The wording of an oath is the pawn in a dangerous power game in Burma as newly elected democracy leader Aung San Suu Kyi flexes her muscles. Her party the National League for Democracy refused to allow its newly elected members to be sworn in at the parliamentary opening in Naypyidaw yesterday. The party made an overhaul of the Constitution one of its principal promises in the recent by-election but the ruling party is refusing to change the oath. Suu Kyi claims this is not a boycott but rather just “waiting for the right time to go” to parliament. The catch is they need to sit in parliament to have any chance of getting their reforms through and some are questioning whether Suu Kyi has picked the right issue to make a stance on. (photo: AFP/File, Ye Aung Thu)
The stand-off comes several weeks after the by-elections
which saw the NLD win 40 of the 44 seats
it contested. The victory was seen as a transformative moment in Burmese
politics but the party remains a small minority in both the upper and lower
house of parliament. The by-elections
and the gradual opening of Burmese democracy have been driven by president
Thein Sein who came to office in March 2011 as the former prime minister and handpicked
successor of Than Shwe.
Burma has been independent since 1947 but its original
constitution was torn up the military when Ne Win who came to power in a 1962
coup. The generals orchestrated a second constitution in 1974 but even that was
too liberal for the military rulers who seized power in 1988 and they abolished
it with along with the offices of cabinet, judiciary and local councils. They ruled without a constitution until 2008 forced
to enact new under a supposed “roadmap to democracy”. Outside observers judged it a sham,
not least because it reserves a quarter of all seats for the military and prevented
Suu Kyi from attaining the presidency due to her non-Burmese husband.
But the issue Suu Kyi is most worried about now is the oath
to defend that constitution. The NLD
wants the oath to be reworded from “abide by and protect the Constitution” to “abide by and
respect the Constitution.” Burmese
activist Min Zin said the NPD were picking the wrong battle to fight on. “Vowing to uphold and abide the constitution
does not mean that the opposition can't try to amend it later,” Zin said. “A
quick look at the texts of other countries' oaths of
office shows that words like uphold and even defend are commonly used, but
such language has never prevented anyone from proposing constitutional
amendments.”
The question is why Suu Kyi is making an issue out of it
now. She would have been aware of the oath of office prior to the election and
should have mentioned it in the campaign. A more likely reason would be to try
to slow down the West’s normalisation of relations until there is more
substantive progress. On the same day as the parliamentary boycott, the EU agreed
to suspend most of its sanctions against Burma for a year.

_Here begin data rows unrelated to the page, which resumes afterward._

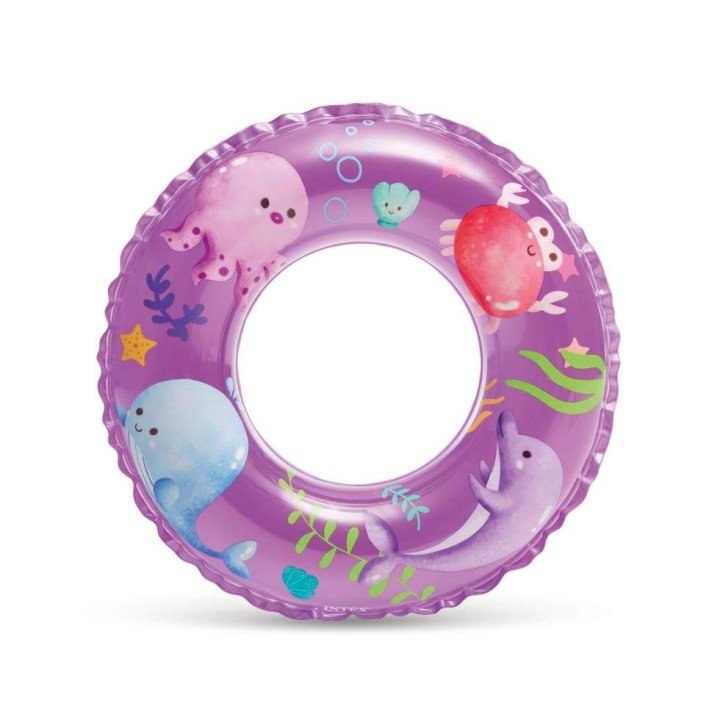 Круг надувний, 61 см, вид 3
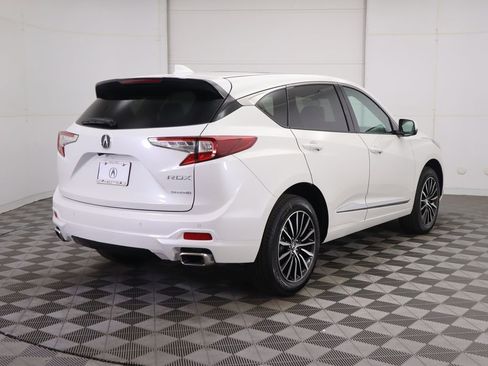 New 2026 Acura RDX Advance Package image 5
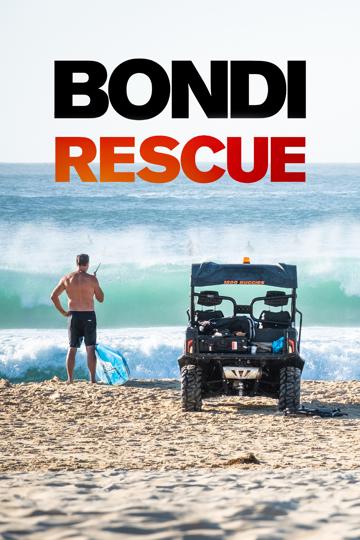 Bondi Rescue
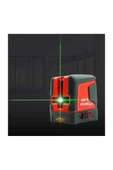 Uni-t LM570LD-II Yeşil Çizgi Lazer Hizalama Cihazı 10 Metre - 10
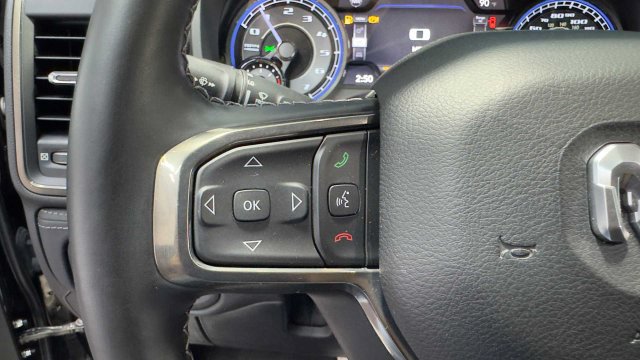 Used 2021 RAM 1500 Limited w/ Night Edition AWD/4WD image 30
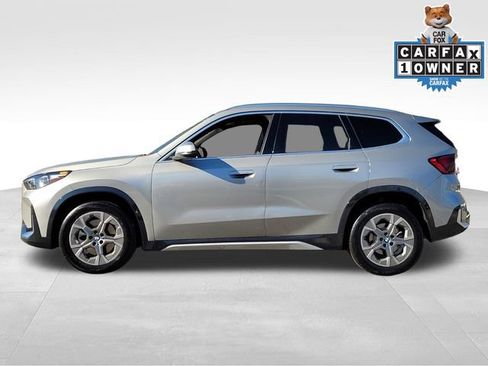 Used 2025 BMW X1 xDrive28i image 2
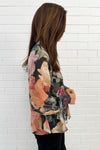 Vintage Floral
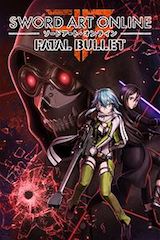 Sword Art Online – Fatal Bullet : Un titre à avoir dans le viseur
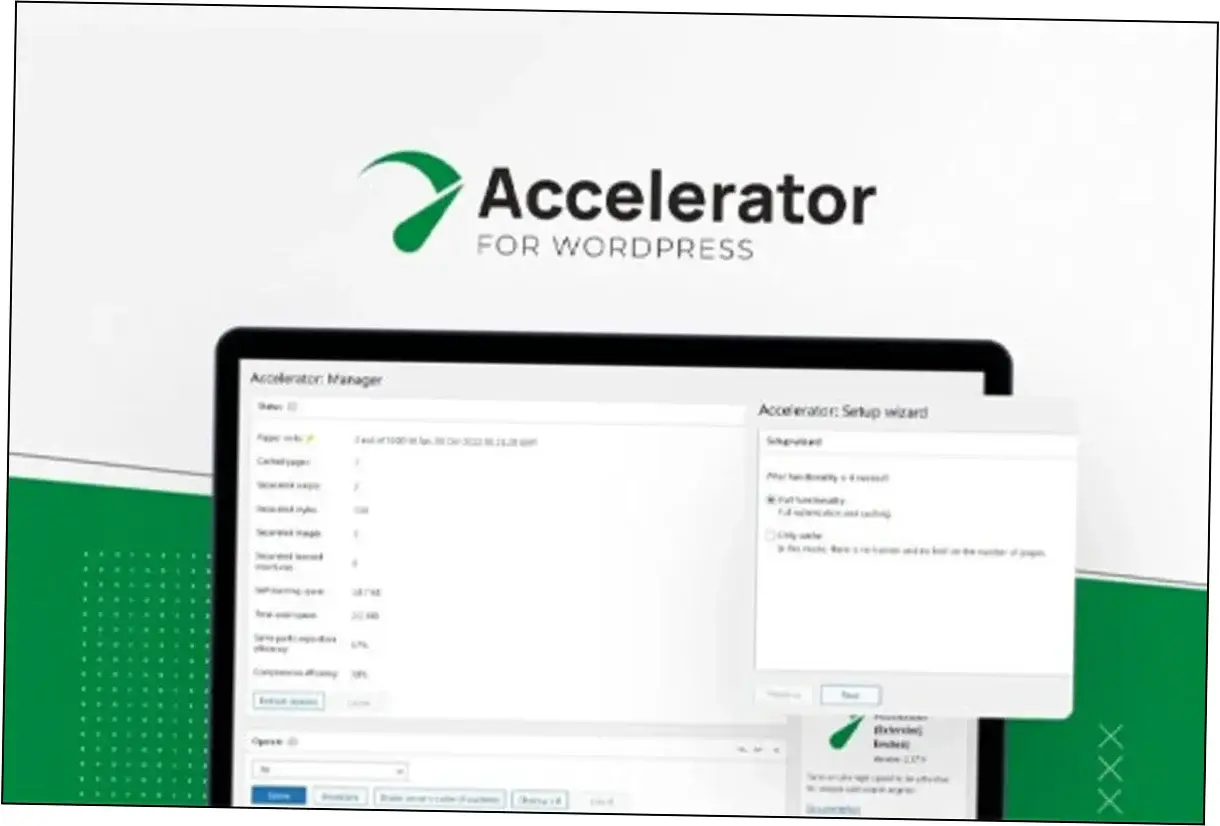 Seraphinite Accelerator Nulled Download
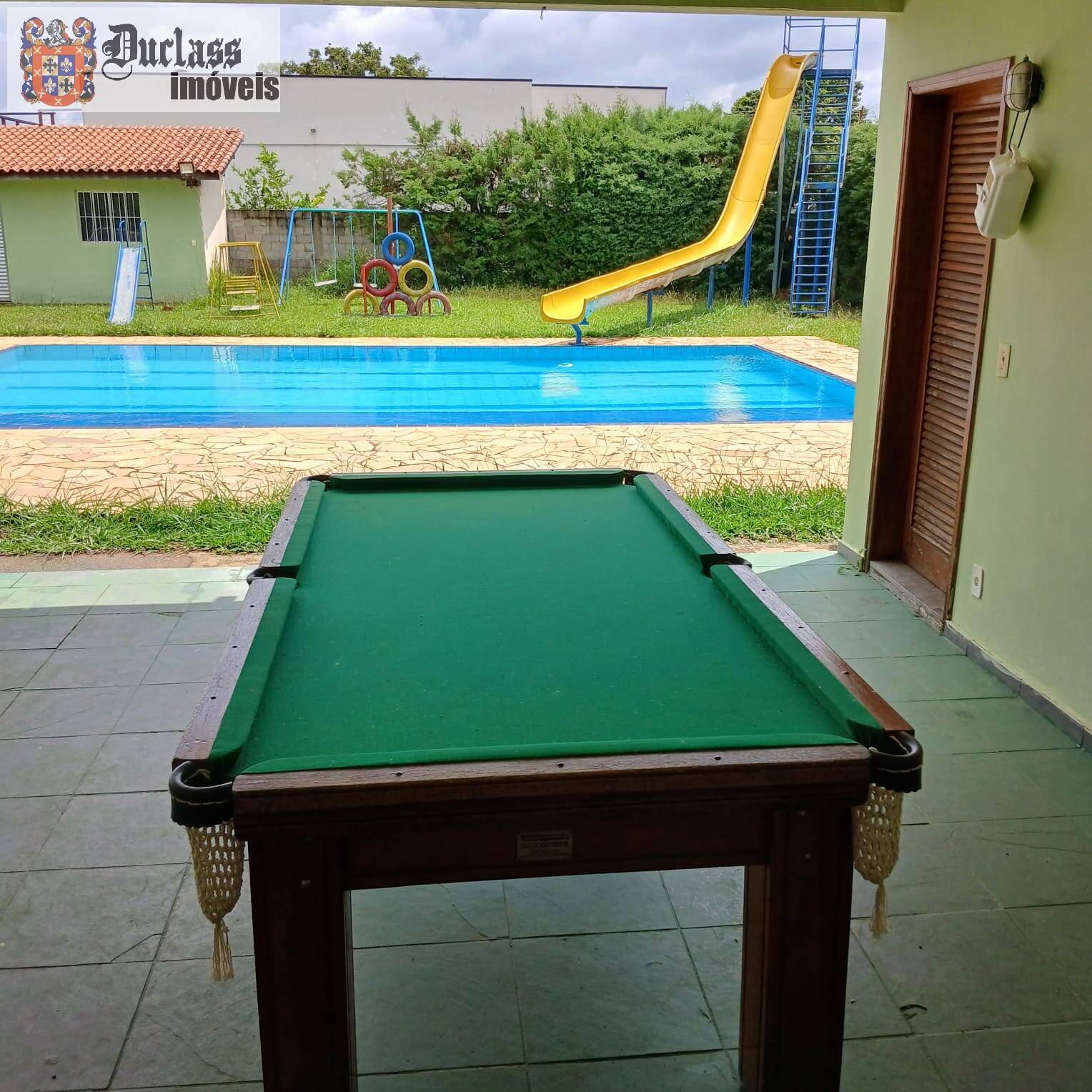 Chácara, 4 quartos, 1000 m² - Foto 28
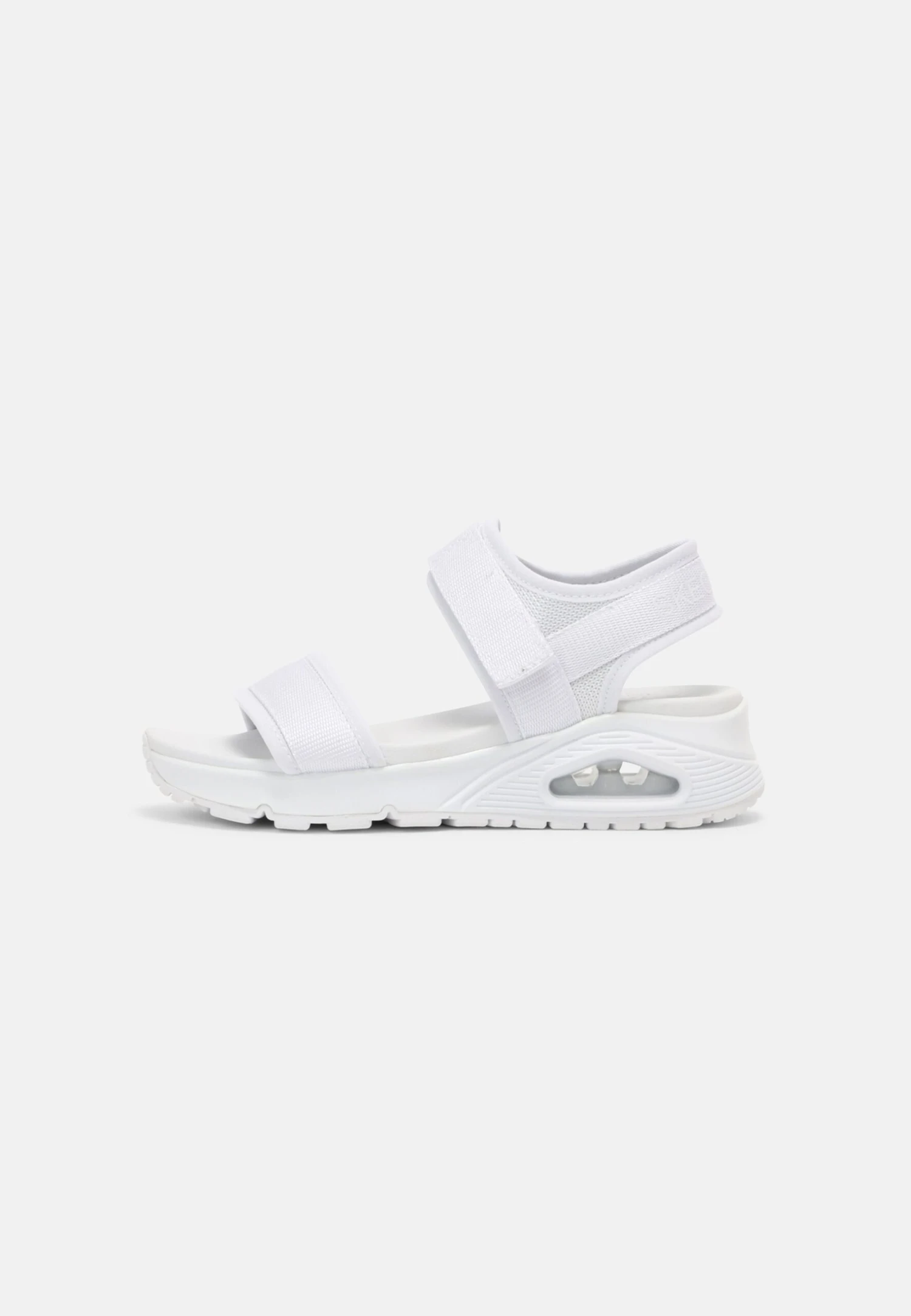 Uno - Sandalen - White 2 Uno - Sandalen - White - Afbeelding 2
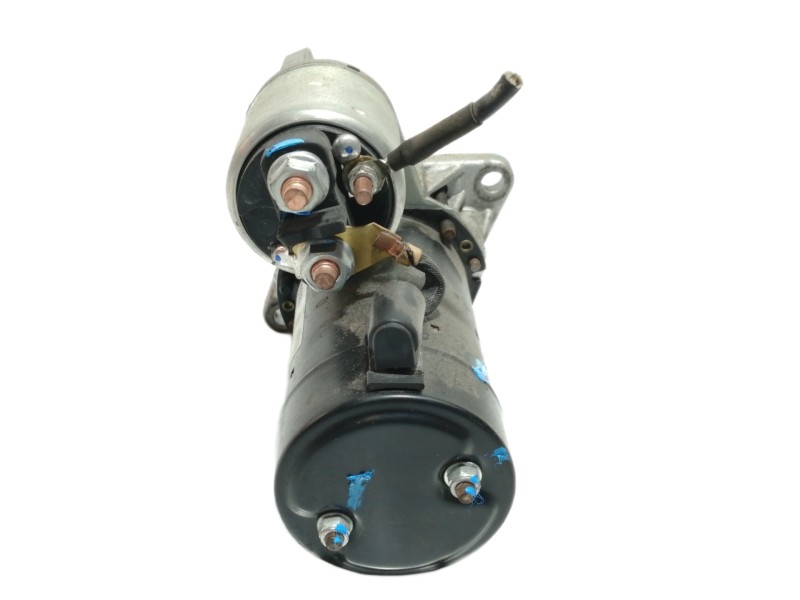 Recambio de motor arranque para opel astra g berlina comfort referencia OEM IAM 111123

Burmese exiles say the West is going too fast. Soe Aung of
the Forum for Democracy in Burma said the EU has suspended sanctions knowing that its own benchmarks on Burma have
not been met: the unconditional release of all political prisoners and a
cessation of attacks against ethnic minorities. The suspension allows European companies to
invest in Burma, which has significant natural resources and borders economic
giants China and India. British PM David Cameron said changes were not yet
irreversible, “which is why it is right to suspend rather than lift sanctions
for good.” Yet it seems highly unlikely that once opened, big business would
allow the door to be shut again. Only the immense counterweight of Suu Kyi’s
public profile stands between the Burmese Government and Western spoils of
commerce without the inconvenience of a public reckoning.